Wenn die Umgebung, von der Sie sprechen, jedoch nur schlecht ist Chef und / oder nervige Mitarbeiter, dann denken Sie, dass es normalerweise eine schlechte Wahl ist, wegzulaufen, wenn Sie vor einer Herausforderung stehen. Tun Sie es ein paar Mal und es wird zur Gewohnheit. Sie möchten nicht eine Person werden, die jedes Mal professionell davonläuft, wenn die Dinge nicht perfekt sind. Es wird wahrscheinlich nicht das letzte Mal in Ihrem Leben sein, dass Sie einen schlechten Chef haben. Sie müssen Bewältigungsfähigkeiten erlernen, anstatt wegzulaufen.
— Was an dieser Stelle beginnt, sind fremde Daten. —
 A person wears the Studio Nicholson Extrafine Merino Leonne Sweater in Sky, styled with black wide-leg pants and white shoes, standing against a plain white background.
Eine Kündigungsfrist von zwei Wochen ist nichts. Es ist eine gute Praxis, sich wie ein Profi zu verhalten und mit einer unangenehmen Umgebung umzugehen. Sie sind vielleicht froh, dass Sie diese Fähigkeiten haben, wenn Sie 30 Jahre alt sind und ein Kind haben, und können es sich nicht leisten, diesen Job zu kündigen, wenn Sie Miete zahlen möchten.
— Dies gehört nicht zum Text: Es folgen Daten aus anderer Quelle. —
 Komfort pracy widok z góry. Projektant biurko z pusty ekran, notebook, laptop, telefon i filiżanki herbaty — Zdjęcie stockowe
In gewisser Weise ist es auch eine Frage des Selbstwertgefühls. Wenn Sie lernen, mit allem umzugehen, sind Sie besser auf Leben und Arbeiten vorbereitet und können stolz auf sich sein, dass Sie ethisch gehandelt haben, auch wenn Ihre Mitmenschen dies nicht getan haben.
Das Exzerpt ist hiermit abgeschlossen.